[WHAT IS BEING ASKED]:
Pictures must not appear in the copy. Reproduce exactly, and only, the lines from the one with "CARLO GAVAZZI EII-C-115-20MA" through the end of the data below.

[STUDY MATERIAL]:
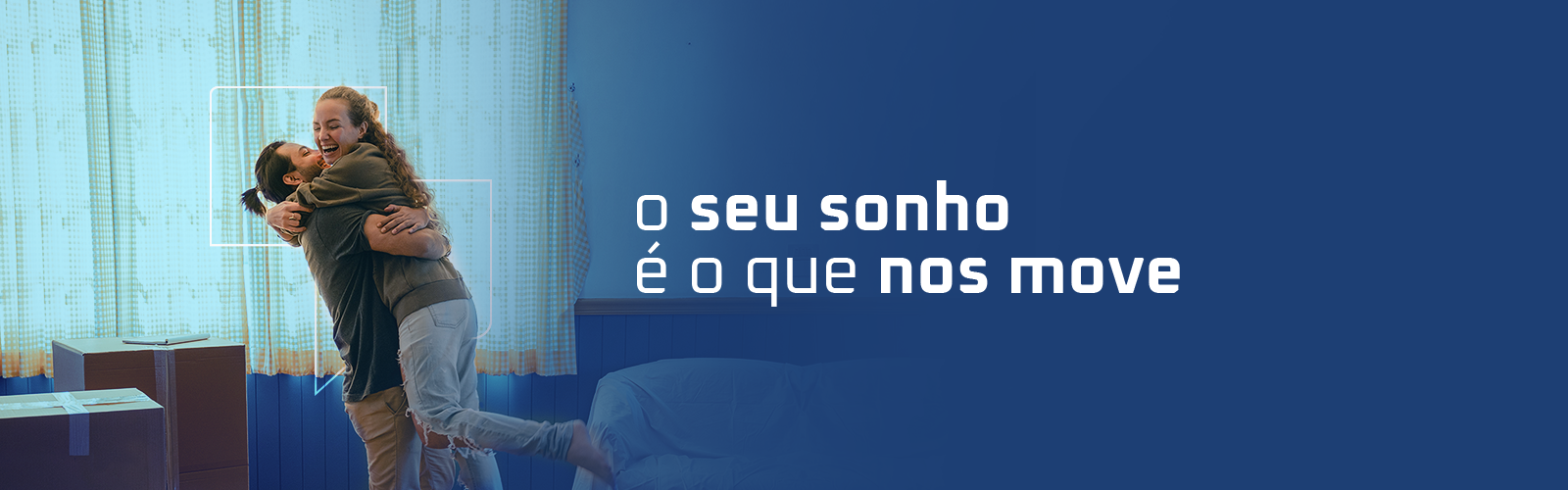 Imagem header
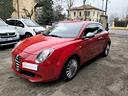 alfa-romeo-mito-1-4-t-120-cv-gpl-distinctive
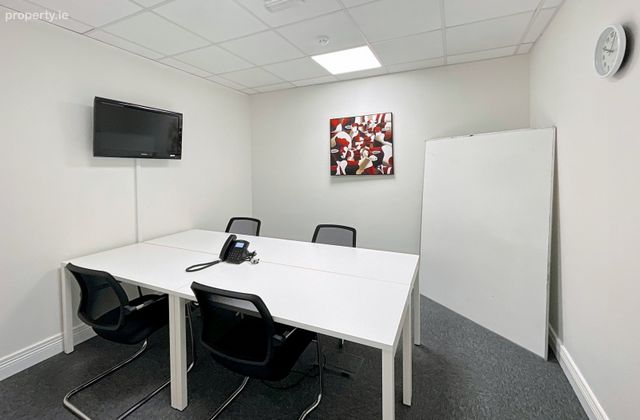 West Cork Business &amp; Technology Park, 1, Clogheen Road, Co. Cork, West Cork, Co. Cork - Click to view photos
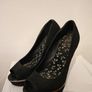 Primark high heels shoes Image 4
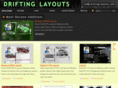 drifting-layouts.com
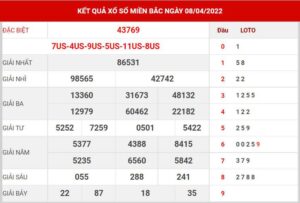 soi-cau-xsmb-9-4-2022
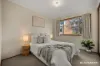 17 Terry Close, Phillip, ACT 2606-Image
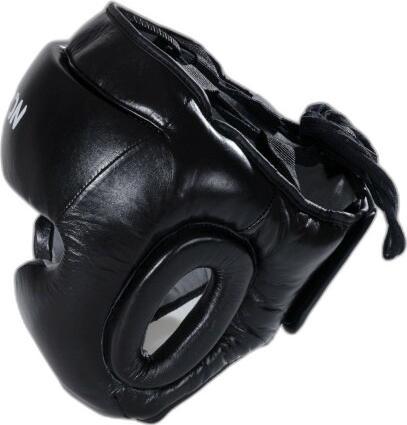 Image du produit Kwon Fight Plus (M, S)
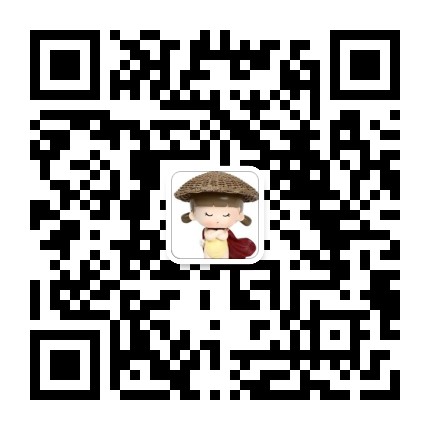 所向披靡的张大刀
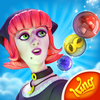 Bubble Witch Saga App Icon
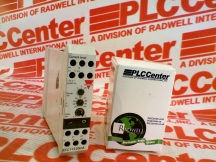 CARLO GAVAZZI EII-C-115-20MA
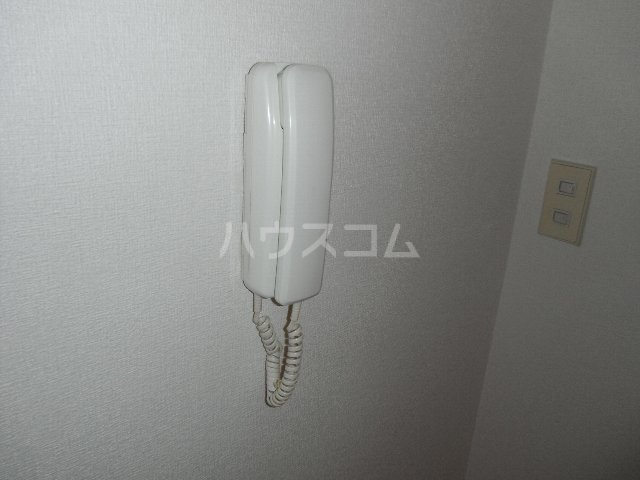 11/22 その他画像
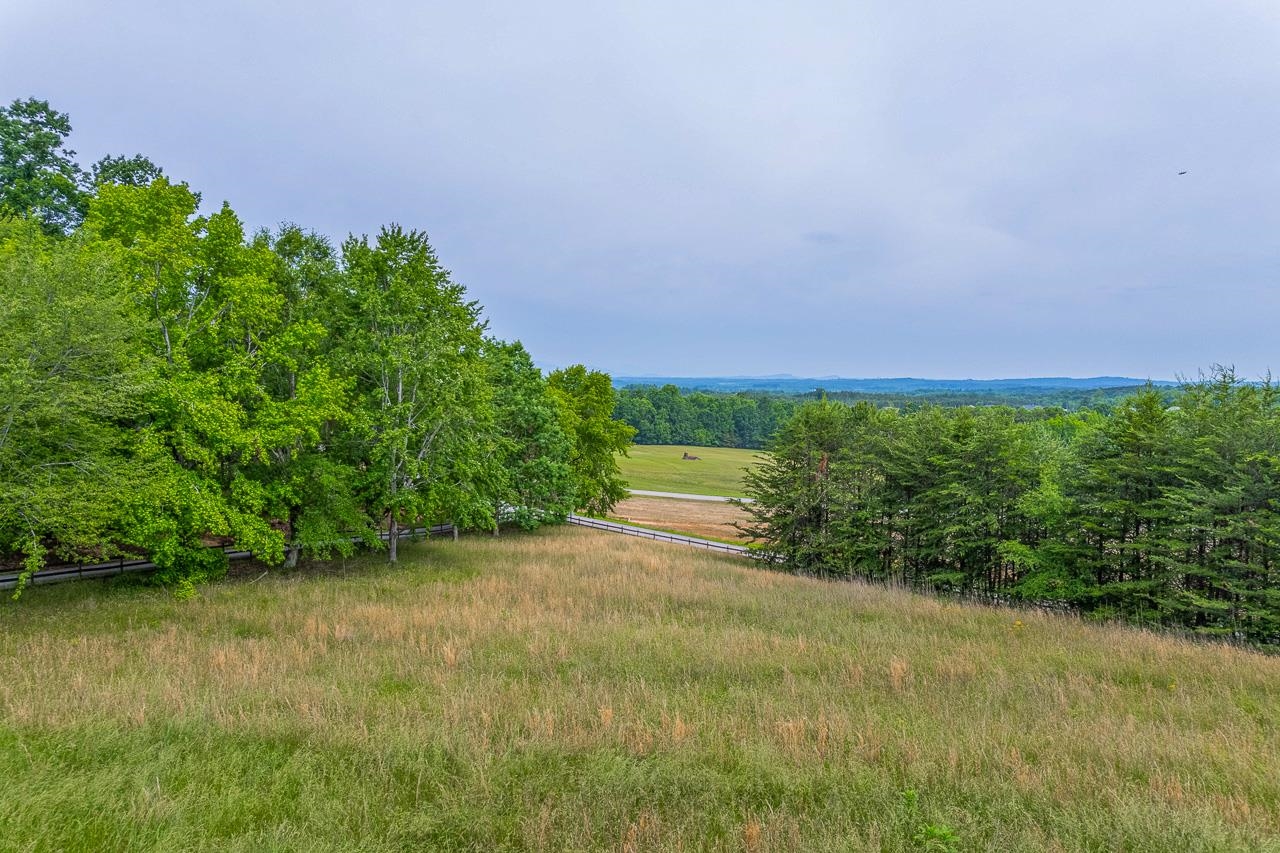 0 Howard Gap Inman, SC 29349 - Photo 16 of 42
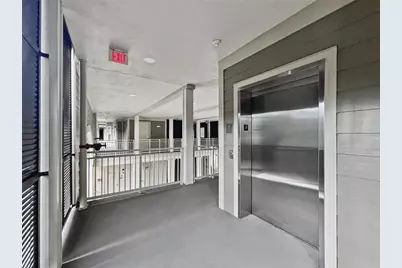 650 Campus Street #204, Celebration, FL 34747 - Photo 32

[YOUR RESPONSE]:
 CARLO GAVAZZI EII-C-115-20MA
 11/22 その他画像
 0 Howard Gap Inman, SC 29349 - Photo 16 of 42
 650 Campus Street #204, Celebration, FL 34747 - Photo 32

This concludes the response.